Figura mítica, consagrada instituição da velha Tamanca e autoridade local, o Sr. Pimenta era uma homem
gordo, de andar pesado e lento, periclitante. A cada passo parecia-me
que ia cair redondo para um dos lados, consoante a perna curta que
avançava. O Sr. Pimenta tinha idade para ser meu avô, achava eu, e uma barbearia
montada como se fosse a sério, mesmo em frente à capela e ao lado da
sala de aulas que era também a loja onde os padres nos vendiam os
"objectos", mas cortava tão mal o cabelo como os tosquiadores fardados
que mo raparam sem dó nem piedade, uns anos depois, quando dei entrada
nos Comandos. O Sr. Pimenta era barbeiro porque tinha a bata branca de
enfermeiro.
Quer-se dizer: o Sr. Pimenta era a bata.
E poderia ter sido, quem sabe, o Homem-Bata, se, derivado aos seus
múltiplos poderes e polivalentes predicados, a Marvel lhe tivesse
deitado a mão em devido tempo. Infelizmente a Marvel não recruta em
Portugal, e é o que perde.
Apesar de ter tudo para ser um super-herói, o Sr.
Pimenta era só Sr. Pimenta para mim, porque a minha mãe tinha-me
ensinado a tratar os senhores por senhores. Para o resto da rapaziada, meninos bem ou matarruanos, o
Sr. Pimenta era o Pimenta, ordens de cima, nada de confianças.
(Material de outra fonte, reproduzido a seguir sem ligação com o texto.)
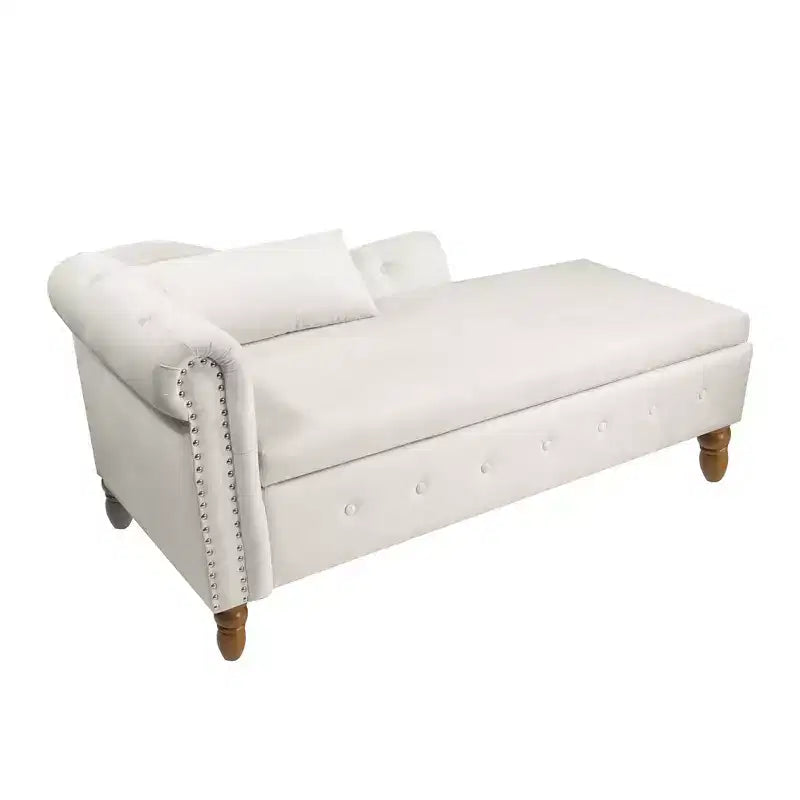 Fauteuil inclinable moderne avec accoudoirs cloutés, causeuse en velours capitonné avec rangement et oreiller pour salon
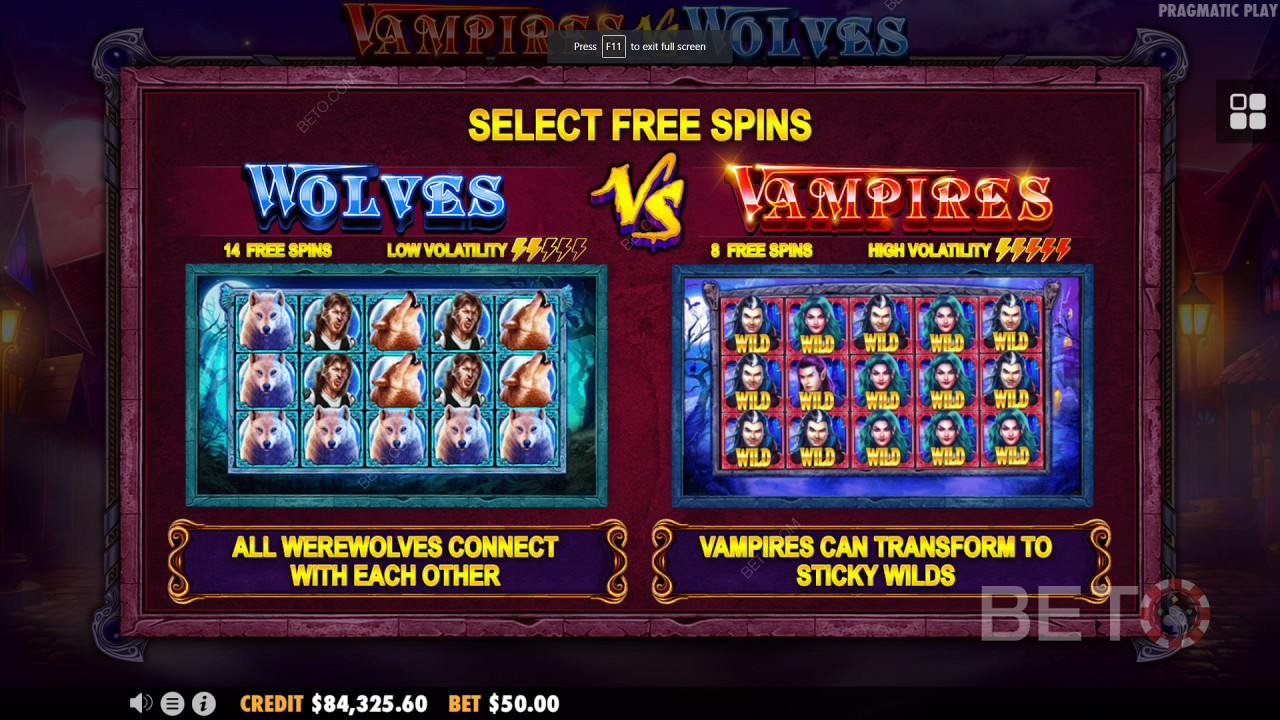 Podwójne rundy bonusowe z darmowymi spinami w Vampires vs Wolves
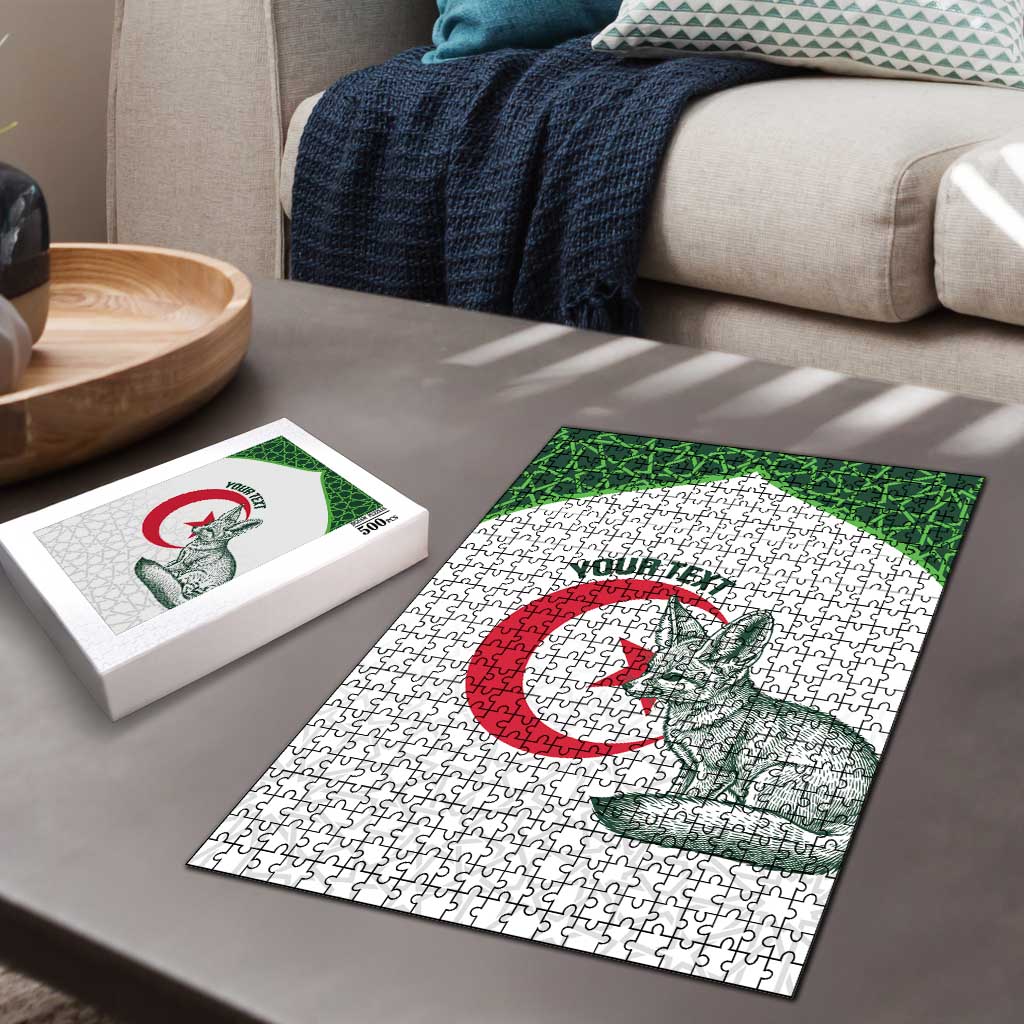 Custom Algeria Football Puzzle 2026 Go Greens Fennec With Islamic Pattern - African Pride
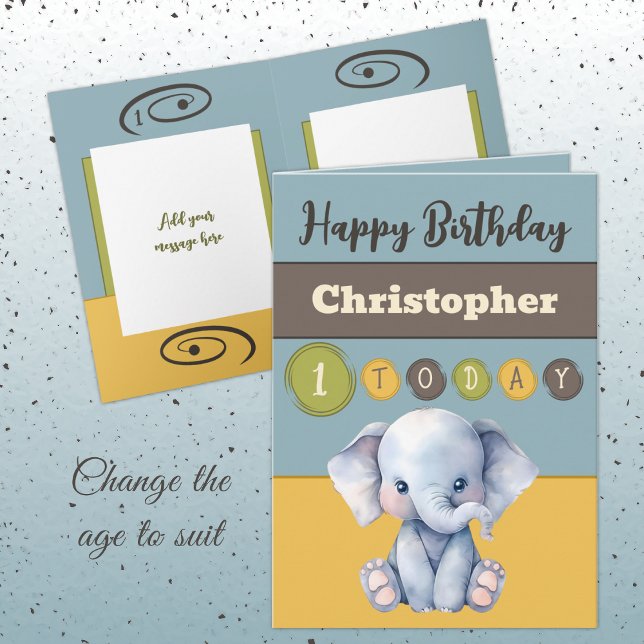 Tarjeta 1.ᵉʳ cumpleaños añadir nombre niño lindo elefante  (Subido por el creador)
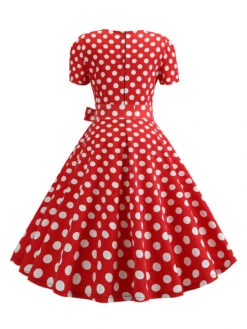 1950s Square Neck Short Sleeves Dress -Candi Clothing Shop SCHL003641 PAT 3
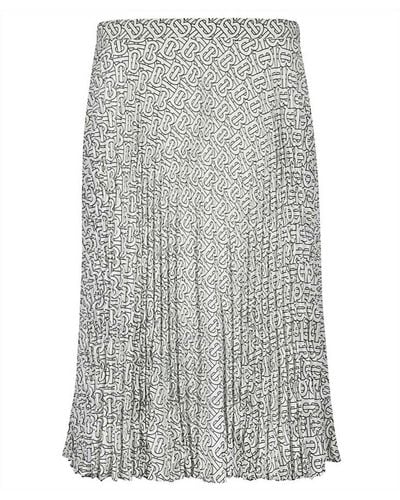 Burberry Tb Monogram Pleated High-waist Skirt - Gray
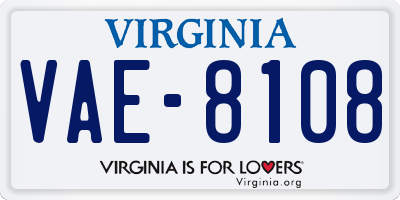 VA license plate VAE8108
Paradoxalmente. E os outros funcionários ou acoitados, os que nos
serviam no refeitório, certamente lerdos mas filhos de Deus como a
gente, eram "criados". Criados. Ordens de cima. Já nem falo de educação -
a caridade cristã tem definitivamente muito que se lhe diga.
Portanto,
chegava a altura dos pontos e eu baixava à enfermaria. Um ano, o padre
Vilar, o bom padre Vilar, não quis que eu ficasse sem nota a Religião e
Moral. Visitou-me, fez-me duas ou três perguntas que valeriam o ponto,
perguntas do mais elementar possível, só para que eu fizesse boa figura.
Perguntou-me:
- Quem é Deus para ti?
- Deus é o meu pai - respondi.
- Todos somos filhos de Deus - atalhou o padre.
- Mas eu sou mais, porque sou órfão - defendi-me, com uma não ensaiada
porém oportuna lágrima no canto do olho que me valeu para aí um dezoito.
Isto é: sou malabarista desde pequenino.
Na enfermaria havia sempre um bufo que ia contar ao impiedoso padre Coutinho as
minhas anedotas, mas omitia a parte das punhetas, que era regra geral e ideia
não sei de quem, minha é que não. E eu também não sabia a malícia das anedotas que
contava. Fiquei a saber quando fui chamado à pedra por uma orelha - e assim me roubaram
a inocência. O padre Coutinho gostava muito de música clássica e eu
tenho a certeza absoluta de que a música clássica não gostava nada dele.
P.S. - Publicado originalmente no dia 20 de Outubro de 2014. Hoje, quarto domingo da Páscoa, é Dia Mundial de Oração pelas Vocações.